To get some perspective on the failure of love and marriage for the boomers, we have to go back a few years and examine the particular history of our generation. It’s been over 45 years since Woodstock, that hippie/boomer celebration of music, protest, and rebellion against established authority, beliefs, and societal norms. Boomers were just entering their twenties, with the oldest of them being twenty three or twenty four, and were shocking the country with their anti-establishment views and behaviors. With reckless abandon and total disrespect for the restrictive social conventions of their parents, they advocated “free love,” protest marches, and the use of all kinds of illegal drugs, sometimes all during the same weekend. They supported civil rights, were anti-war, and, most importantly, the women’s movement, openly attacking traditional gender roles and the institution of monogamous marriage. We boomers not only questioned what made a marriage successful or even tolerable, but whether marriage was viable in a time of social upheaval.

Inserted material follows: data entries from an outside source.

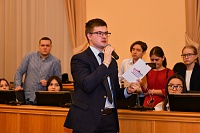 Председатель молодежного парламента Тюменской области Алексей Ларионов: Кампус положит конец соперничеству между вузами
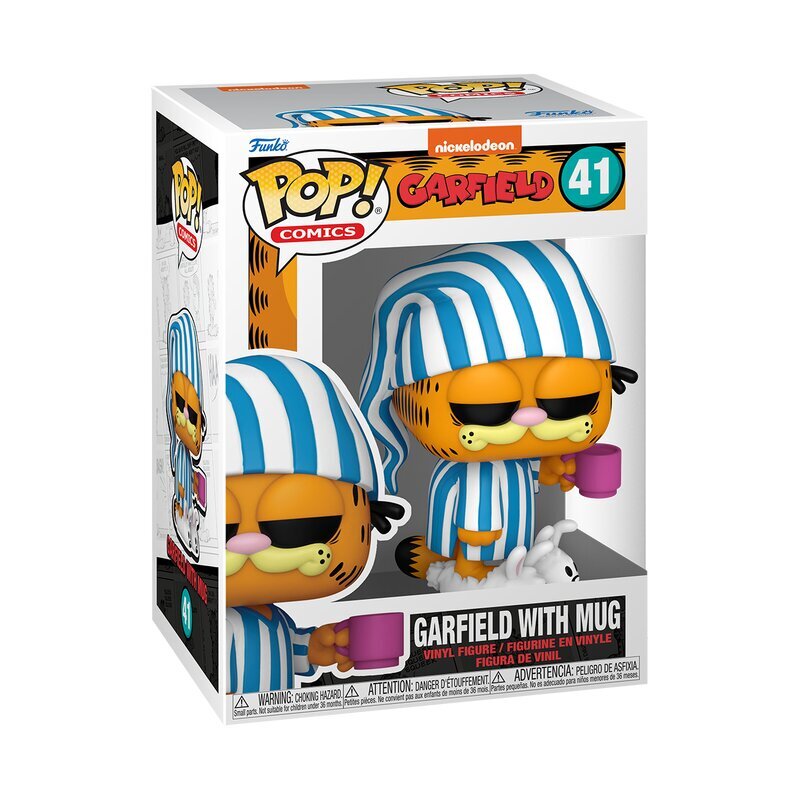 FUNKO POP! Vinyylifiguuri: Garfield w/muki hinta ja tiedot | Hiekkalaatikot | hobbyhall.fi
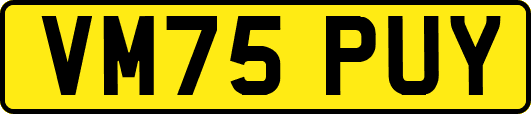 VM75PUY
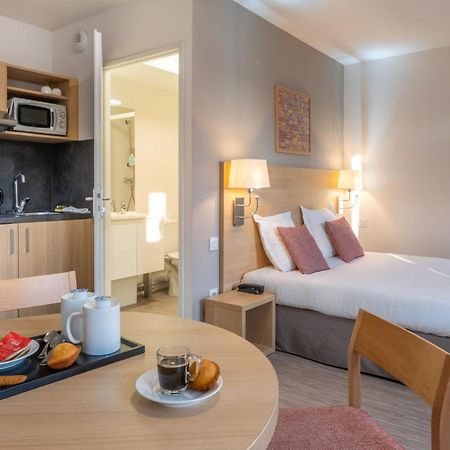Appart Hotel Odalys City Nantes Cite Des Congres Exterior foto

The divorce rate skyrocketed in the ‘70s, as the “leading edge” of the boomer generation began to leave their partners in large numbers in search of their own self-fulfillment. Many were fueled by the promise of free love and sexual explorations not possible in marriage. Second wave feminists regarded marriage as one more instrument of Patriarchal oppression, and set out after a new kind of freedom. The institution of marriage was on the way to becoming at its best, optional, and at its worst, yesterday’s news. As Pepper Schwartz, the love and relationship ambassador for AARP, and professor of sociology at the University of Washington recently wrote, “In many ways, divorce rates are the boomers’ legacy.”2 This seems a sad legacy for the generation that believed so much in the promise of love and the largest generation in U.S. history (somewhere in the neighborhood of 79 million).

We might assume that this is all past history, given that the Census Bureau reported that in the 1980s the divorce rate had started to flatten out and then decline. The numbers were wrong. When the American Community Survey came out in 2010, it became evident that the Census Bureau has been terribly shortsighted in its collection of divorce data over the last three decades. The data now indicate that the divorce rate for boomers, who are now 50 and older, doubled between 1990 and 2010. Over 600,000 boomers got divorced in 2010. Boomers were no more likely to get it right the second time: the rate of divorce for those in second marriages was 2.5 times as high as those in first marriages. The numbers of people ever divorced, currently divorced, or married at least twice are highest among those aged 50 and older, and one in three baby boomers is unmarried today--the majority of whom are either divorced or never-married, with only 10% widowed.

What this means is that our generation, which accounted for unprecedented divorce statistics through our youth, continues to lead the nation in unstable marriage and divorce. Apparently, we continue to search for a form of happiness that our marriages are not providing.

We were all having so much fun making love and not war: what happened when that notion of love came smack up against the realities of marriage? Researchers suggest many possible reasons for late-life divorce. Some categorize boomers as being narcissistic, incapable of making the compromises and self-sacrifices that contribute to the longevity of earlier generations’ marriages. In this view, boomers define themselves as individuals first who show limited regard for the impact of their actions on their families. When a marriage feels empty and personally unfulfilling, boomers seem to find it easier to walk away than to stay and try to work things out—or perhaps our ancestors just suffered silently for the sake of propriety. Perhaps they had fewer idealistic illusions about marriage, or preferred staying married to the stigma of divorce. Indeed, the boomers as a generation see less shame in divorce. If a couple has grown apart, why shouldn’t the individuals look to divorce as the best solution?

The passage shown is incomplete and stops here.